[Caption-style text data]
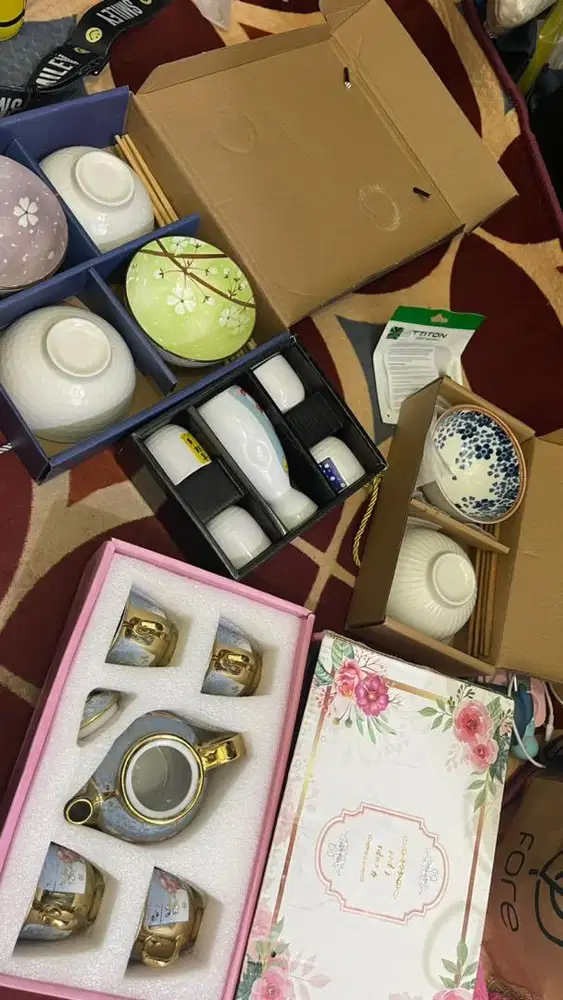 Peralatan makan baru semua borongan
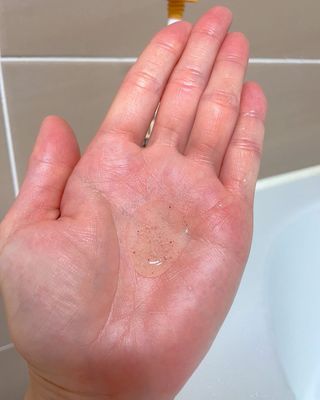 벨먼 내추럴스파 수분광채 스크럽 바디워시 600ml 5종 — 5점을 준 리뷰어가 2022년 5월 올린 사용 사진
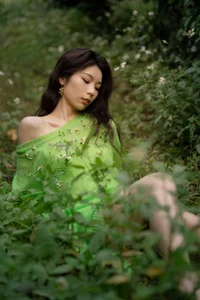 YiTuYu Art Language Vol.4207: A Visual Journey Featuring the Elegant Tang Tang - image 28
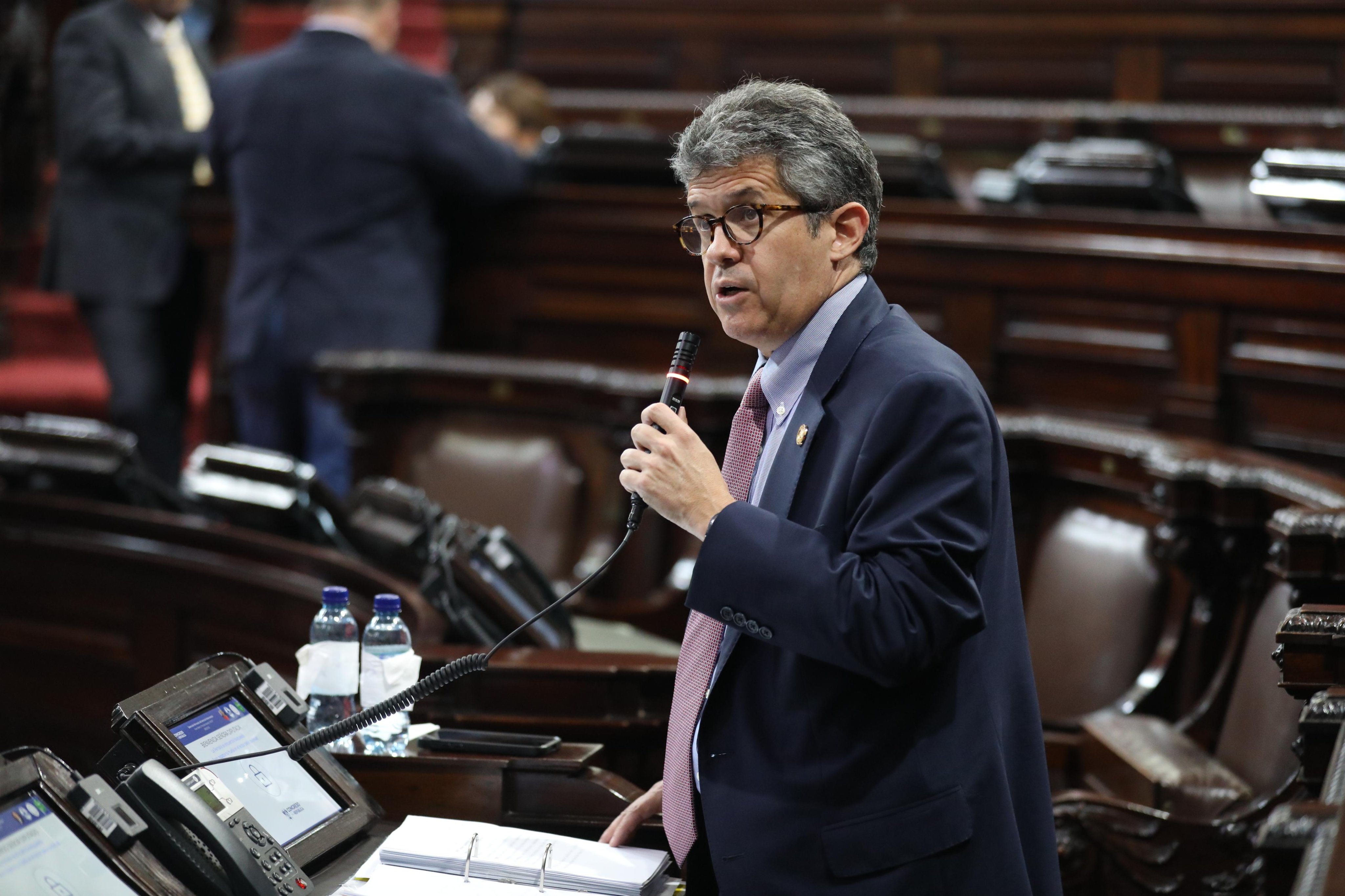 Diputados indagan por casos de desnutrición infantil en la interpelación al ministro de Salud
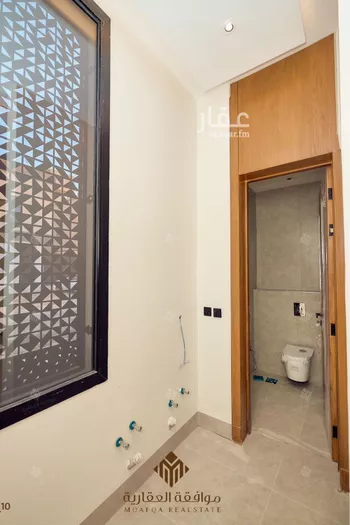 فيلا للبيع في شارع أبي الحسن الأسفرائيني, حي المهدية, مدينة الرياض, منطقة الرياض صورة 4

Goal of the exercise:
What you return should match the entries word for word, pictures aside.

Exercise solution:
 Peralatan makan baru semua borongan
 벨먼 내추럴스파 수분광채 스크럽 바디워시 600ml 5종 — 5점을 준 리뷰어가 2022년 5월 올린 사용 사진
 YiTuYu Art Language Vol.4207: A Visual Journey Featuring the Elegant Tang Tang - image 28
 Diputados indagan por casos de desnutrición infantil en la interpelación al ministro de Salud
 فيلا للبيع في شارع أبي الحسن الأسفرائيني, حي المهدية, مدينة الرياض, منطقة الرياض صورة 4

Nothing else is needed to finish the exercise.